John Adams College Name Change

Excerpts of an address given by Founder and Trustee Gordon Jones at our Provo Inauguration event on August 21, 2025

In the domain of higher education, name changes are common. Columbia started as King’s College. Princeton was once the College of New Jersey; Dixie College was recently renamed Utah Tech University; Utah Valley University was once Salt Lake Technical College; BYU was Brigham Young Academy until 1903.

Tonight, Mount Liberty College is going to become part of that tradition.
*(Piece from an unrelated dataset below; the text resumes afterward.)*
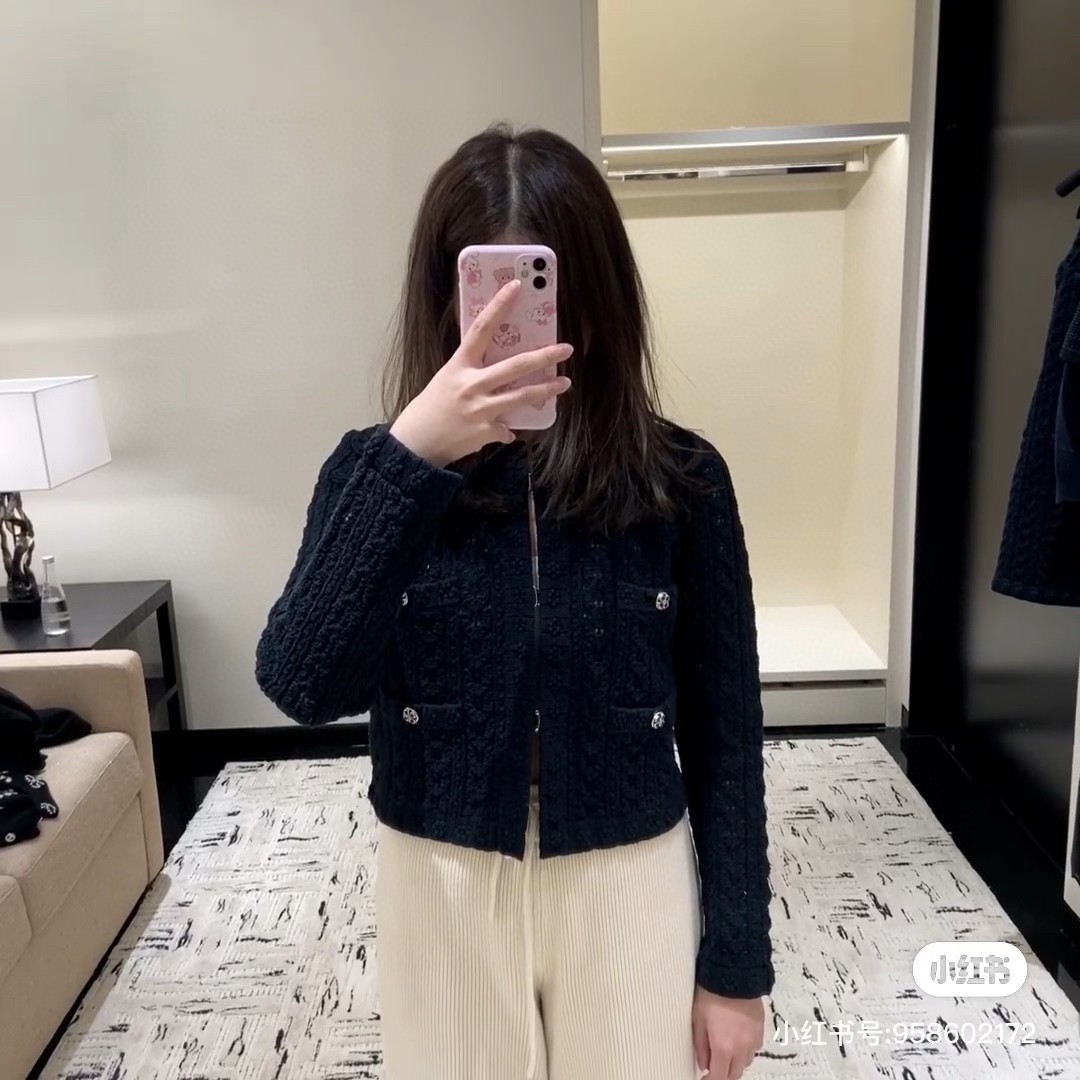 シャネル ツイード ジャケット激安通販 春新作 アウター トップス レディース 編み ファッション 人気服 ブラック_12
The school is going to be renamed in honor of one of the most important of our Founding Fathers, one who, oddly enough, does not have a college named for him until now: John Adams.

Two quotes about him: the first is how George Washington described him: “I know him to be honest and virtuous; and in all that concerns the welfare of his country, he will be faithful.”

From the Father of Our Country, that ought in itself to be enough to confirm the worthiness of this man, for any honor that could be given him.

The second is what John Adams himself wrote, in preparation for a speech he never gave, but which demonstrates his profound understanding of the conundrum of the state, and, we think, justifies the action we are taking tonight:

    “Government is nothing more than the combined force of society, or the united power of the multitude, or the peace, order, safety, good and happiness of the people. . . . There is no king or queen bee distinguished from all others, by the size or figure or beauty and variety of colors, in the human hive. No man has yet produced any revelation from heaven in his favor, any divine communication to govern his fellow men. Nature throws us all into the world equal and alike. . . .
    The preservation of liberty depends upon the intellectual and moral character of the people. As long as knowledge and virtue are diffused generally among the body of a nation, it is impossible they should be enslaved. . . .
    Ambition is one of the more ungovernable passions of the human heart. The love of power is insatiable and uncontrollable. . . .
    There is danger from all men. The only maxim of the free government ought to be to trust no man living with power to endanger the public liberty. . . .”


Despite the fact – and it is a fact – that the Declaration of Independence would never have been passed in the form we have it, if it passed at all, without John Adams, he is one of the most overlooked of the Founders while at the same time one of the most famous. Washington and Jefferson have monuments on the National Mall. Hamilton has a Tony Award-winning musical. John Adams has no monuments and little regard, and it is a crime.

Our action today is small remedy. But it is the best we can do for now, and we hope the exceptional quality of our students will, over time, add some weight to his side of the scales.